Wrapped Gift
Last Friday I notice in the afternoon that someone had left a wrapped dead mouse on the top of the backyard stairs. I thought it was a subtle message from one of my beloved neighbours and I lamented against those crazy people who cannot even afford a dead horse’s head. I decided to check the Nest camera in order to identify the culprit. To my great surprise, I discovered that the deed was done at 2PM sharp by none other than Felix — the alley cat that I took in the garage for the winter and that I let out a couple of hours every day when he gets too antsy. It seems that he had found one of those glue traps with a dead mouse on it (apparently some paper towel flew in the wind and got stuck on it too) and decided it would make a perfect gift for us !
It is not the first time that a cat brings us a dead mouse.
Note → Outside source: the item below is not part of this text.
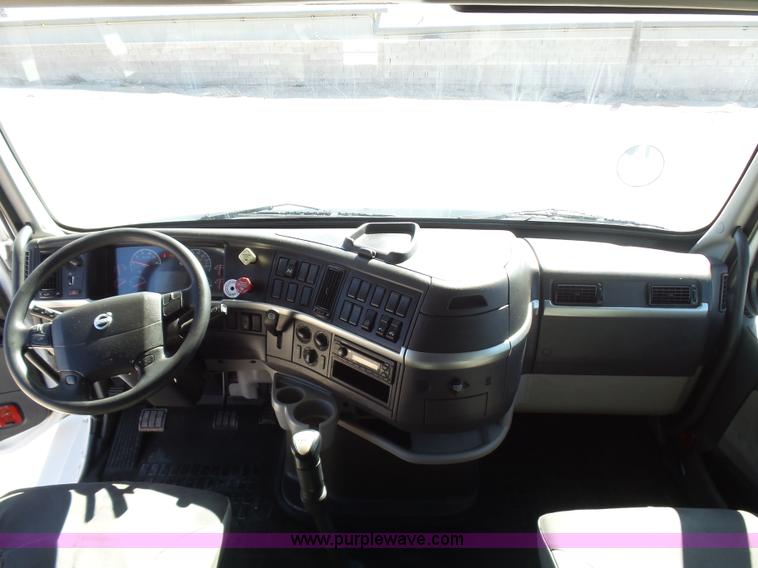 image for item K5759 2012 Volvo VNL semi truck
I guess that this behaviour goes back to the time when humans first started to interact with cats in the Neolithic. They were never really domesticated, but probably slowly became tame by contact with humans through a commensal relationship (a form of symbiosis). With the agricultural revolution, mass producing food meant that human had to create food storage (primarily granary) that inevitably attracted vermine (mostly rats and mice). The presence of vermine in turn attracted small predators like cats who started hanging around human settlements. Humans probably started to “reward” the cats (with food and confort) for getting rid of the vermine and with time this synanthropic relation became mutualistic and the behaviour became instinctive. The cat, in order to prove that he is earning his keep, brings the dead prey as proof, hence the “gift” — which is rarely wrapped.